In order for the congregation to fulfill its call to active participation, the music we choose and the manner in which we present it must provide a place for the voice of the congregation. Care must be taken that music appropriate for singing by the assembly is chosen. Music that was once for choir or solo and has been arranged for congregational song may not work. Congregations can typically sing well the following kinds of music: refrains, strophic songs, psalm tones and tonal or modal melodies in the style of folk music. Music with complex rhythmic structures, disjunct melodies, or without a clear tonal center is difficult and should be used sparingly.
The choir has it own set of musical responsibilities. Its primary function is to support and enhance the congregation’s song. In that role, the choir helps the assembly to sing with confidence and acts as a teacher by helping the congregation to enlarge its repertoire of hymns and liturgical settings. Participation with the congregation in festive settings of the hymn of the day is of major importance.
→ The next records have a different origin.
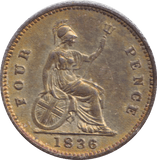 1836 FOURPENCE ( UNC ) - FOURPENCE - Cambridgeshire Coins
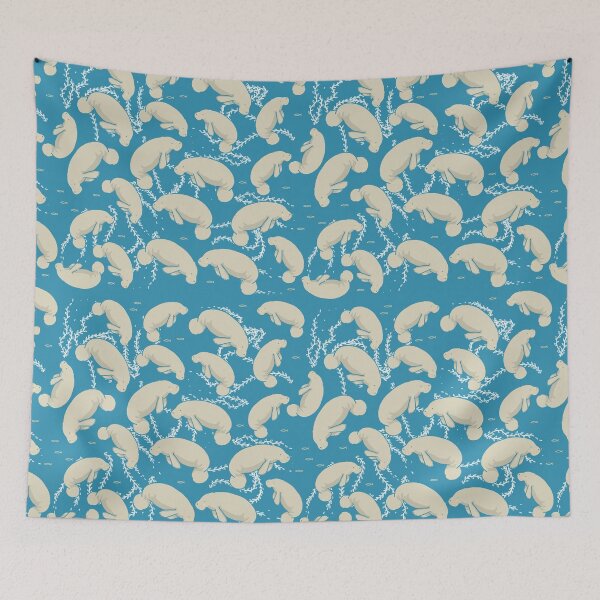Item preview, Lamentino the manatee pattern - lots and lots of manatees on teal blue background with yellow fishes and seaweeds  designed and sold by tostoini.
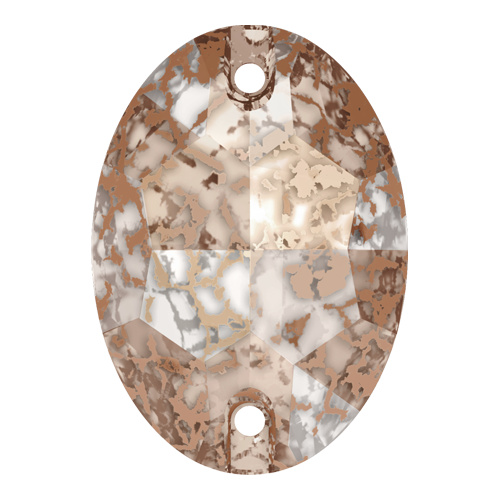 3210 - 16mm x 11mm - Crystal Rose Patina F (001 ROSPA) - Oval Sew-On Crystal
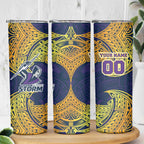 Personalized Melbourne Storm Skinny Tumbler Polynesian Tribal Pattern Style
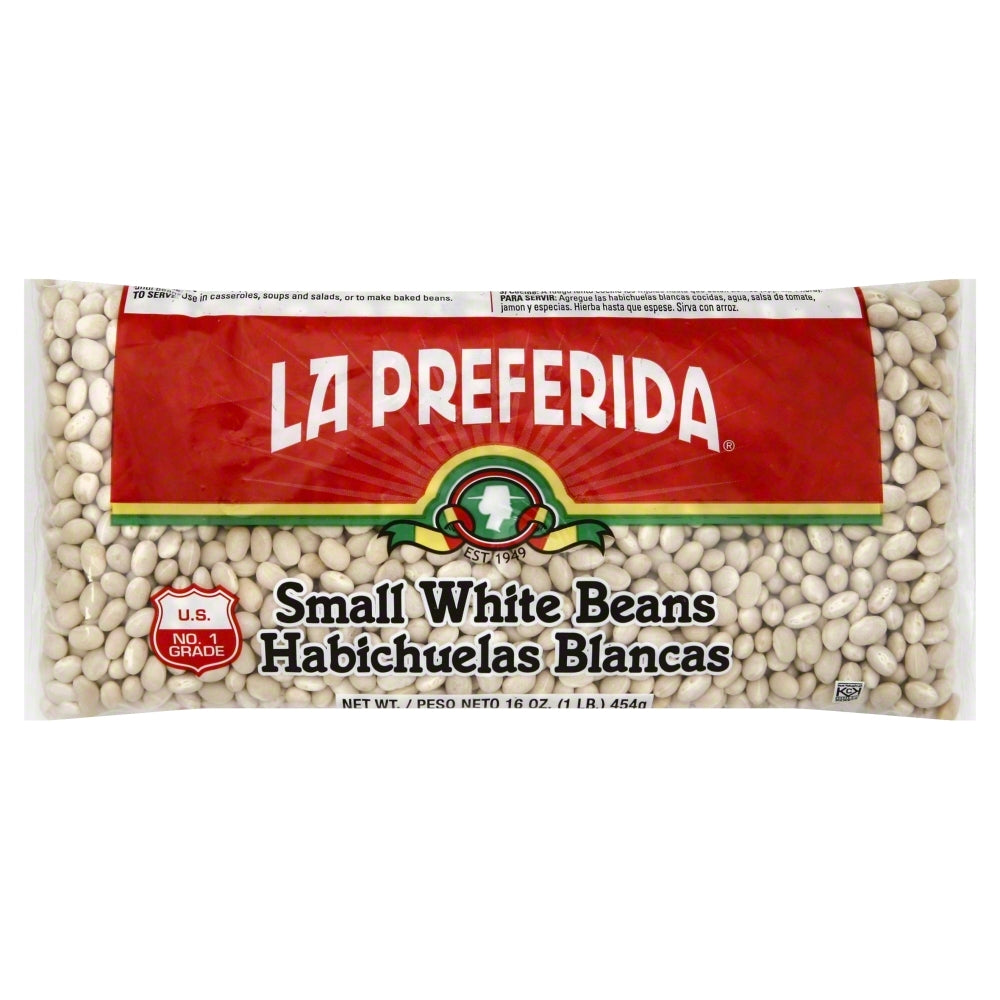 La Preferida Dried Small White Beans - Case of 24 - 16 OZ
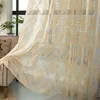 Luxury jacquard embroidered voile sheer fabric for window curtain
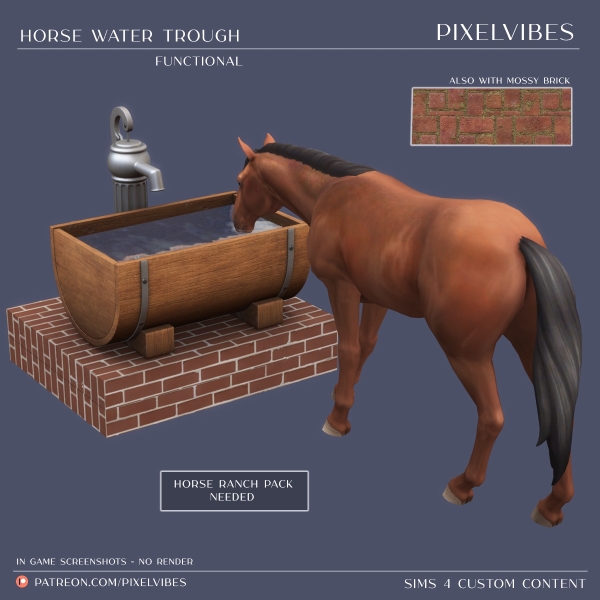 Maxis Match Horse Water Trough by pixelvibes - The Sims 4 Custom Content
The choir is responsible for singing the "proper" portions of the liturgy (those parts that change each Sunday) often in partnership with the congregation. These include the psalm, alleluia and verse (Gospel Acclamation), offertory, and music during communion. For example, effective singing of the psalm may include the congregation singing an antiphon and or refrain with the choir singing the verses, or the choir or cantor may sing the psalm in alternation with the congregation. The alleluia may be sung by the congregation, with the choir singing the proper verse for the day, followed by a repetition of the alleluia by the assembly. On some Sundays, it is appropriate for the choir to sing a choral setting of the appointed psalm or alleluia and verse. The same is true for the offertory; a choral setting of the proper offertory for the day may sometimes replace a congregational offertory found within the liturgy setting. Motets and anthems are especially appropriate as an offering, during distribution, and may be combined with hymns for congregational singing.
Other attendant music (such as anthems, motets, passions or cantatas) are secondary to the responsibilities mentioned above and should not be prepared at the expense of primary tasks. The amount of the choir’s participation in the Sunday liturgy will depend on the context of the gathered assembly and the ability of the choir.
When planning any liturgy, a sense of balance of musical choice must prevail — balance between the roles of the assembly, choir and instrumental musicians; balance between styles of music; balance between that which is known and what is unfamiliar. It is to be hoped that within that balance, we can provide a vehicle for all who worship to "sing the new song."
- Halter, Carl, and Carl Schalk, ed. A Handbook of Church Music. St. Louis: Concordia Publishing House, 1978.
- Bosch, Paul, Marianne Sawicki, and Paul Westermeyer. What is "contemporary" worship? Open Questions in Worship, vol. 2, ed. Gordon Lathrop. Minneapolis: Augsburg Fortress, 1995.
- Schalk, Carl. Luther on Music: Paradigms of Praise. St. Louis: Concordia Publishing House, 1988.
- Westermeyer, Paul. The Church Musician. Minneapolis: Augsburg Fortress, 1997.